For example, suppose there are just two program components under consideration: outcome expectation messages and efficacy expectation messages. To examine these in the screening phase using a fully crossed factorial ANOVA, subjects would be randomly assigned to one of four experimental conditions: both messages present; outcome expectation messages only; efficacy expectation messages only; and both messages absent (perhaps an information-only control). At the end of the screening phase, after the experiment was completed, the decision about which components to select for further consideration would be based on the main effect and interaction estimates obtained from the ANOVA. The decision may be made by selecting statistically significant effects; it may be made by choosing components associated with an estimated effect size over some threshold level; or it may use the results of the ANOVA in some other way.
Although factorial designs are the most efficient way to assess the effect of several independent variables simultaneously, they have for the most part been eschewed by intervention scientists because of the perception that they are impractical due to the number of conditions that must be implemented. For example, a fully crossed ANOVA design to investigate the six components in our example would involve 64 treatment conditions. This may in fact be too many conditions to manage for interventions delivered by teachers and practitioners in settings like schools and hospitals, but it does not necessarily follow that the field of e-health should be similarly discouraged about factorial ANOVA designs. Because e-health interventions are delivered electronically, the primary cost often will be the computer programming required to construct each of the conditions. Once this task is done, it may be relatively straightforward to assign individuals randomly to experimental conditions and then deliver the corresponding version of the intervention. Thus, factorial ANOVA may be more feasible in e-health than it is in other more traditional areas of intervention science.

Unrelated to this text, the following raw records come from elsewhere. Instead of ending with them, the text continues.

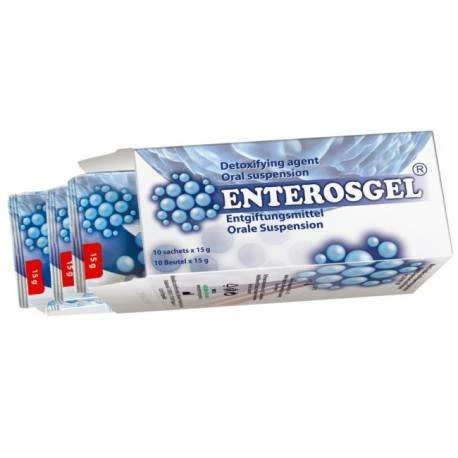 Enterosgel vrećice 10x15g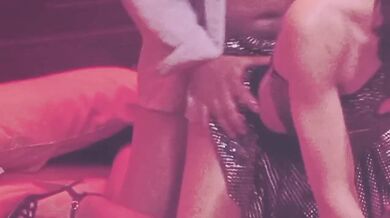 Private meeting with a very provocative trans girl destroying in anal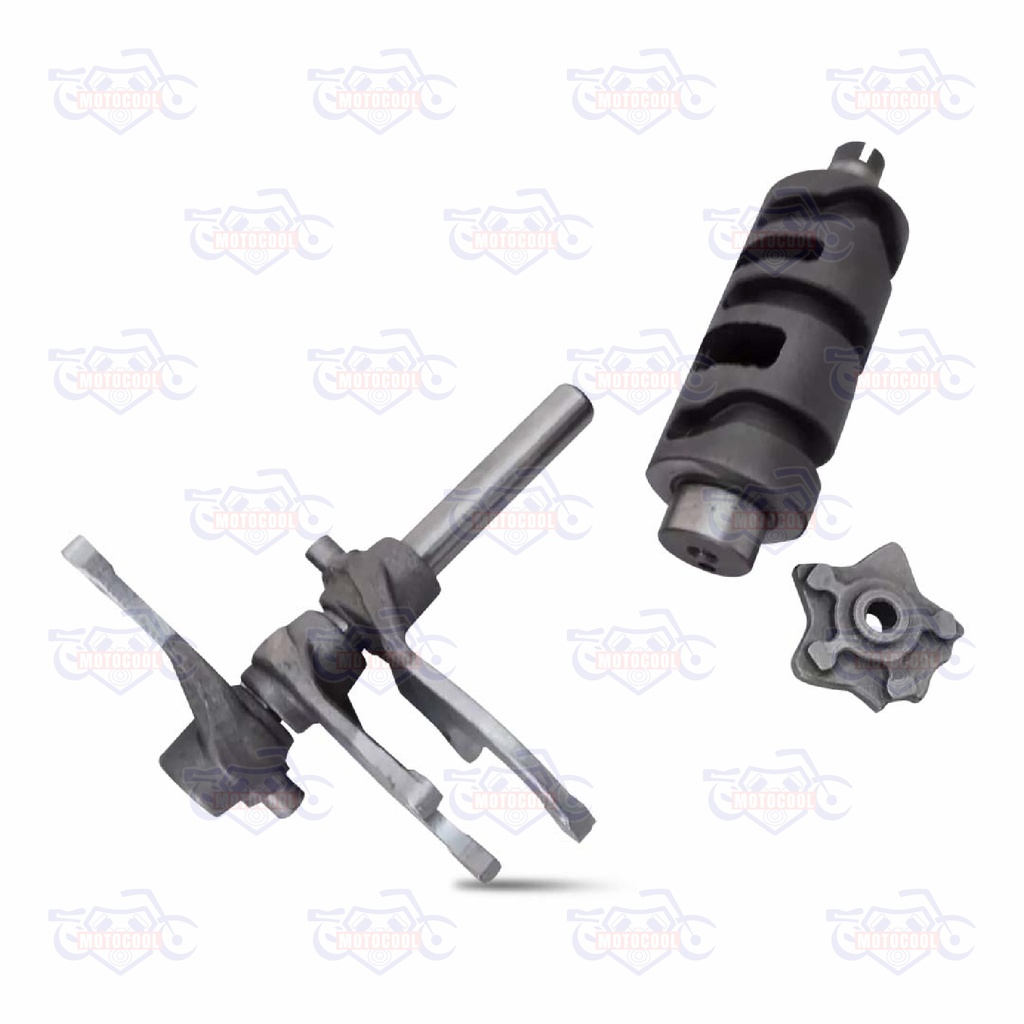 CONJUNTO TAMBOR DE CAMBIOS SX6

However, when there are many factors, the construction of each condition in a fully crossed ANOVA design may be too much for an e-intervention study. In this case, fractional factorial ANOVA designs can be an attractive alternative. When using fractional factorial ANOVA designs, it is not necessary to include every possible experimental condition in the design. Instead, based on working assumptions made by the investigator, a subset of conditions is chosen strategically in order to estimate effects of primary interest. Fractional factorial designs are not new; they go back to Fisher4 and Box, Hunter, and Hunter,5 and have been used routinely in engineering and agriculture for many years. Fagerlin et al.6 recently employed a fractional factorial approach in medical decision making research. Intervention science also can and should benefit from the efficiency and economy these designs provide.
Collins et al.2 illustrated how a six-factor fully crossed ANOVA design with 64 conditions can be reduced to a fractional factorial ANOVA design with 16 conditions. The reduced design retains the capability to provide main effects estimates for each of the six independent variables, and also the capability to provide estimates for selected interactions. The power associated with the test of each main effect is the same as that for any simple two-group comparison. In the refining phase, variants on fractional factorial designs, such as response surfaces, may be useful for questions involving identification of optimal doses.
As mentioned above, in some situations it may not be necessary or desirable to base decisions strictly on hypothesis tests.2 If hypothesis testing is to be used, it may be necessary to control the experiment-wise error rate. As a simple expedient, we suggest identifying a priori a limited set of effects predicted to be sizeable, testing those at the desired alpha level without regard to the experiment-wise error rate, and then using a Bonferroni or similar adjustment for the remaining effects. (For more about the experiment-wise error rate see Wu and Hamada.7) Note that in general interaction effect sizes tend to be small, making it important to power a study accordingly if interactions are of particular interest.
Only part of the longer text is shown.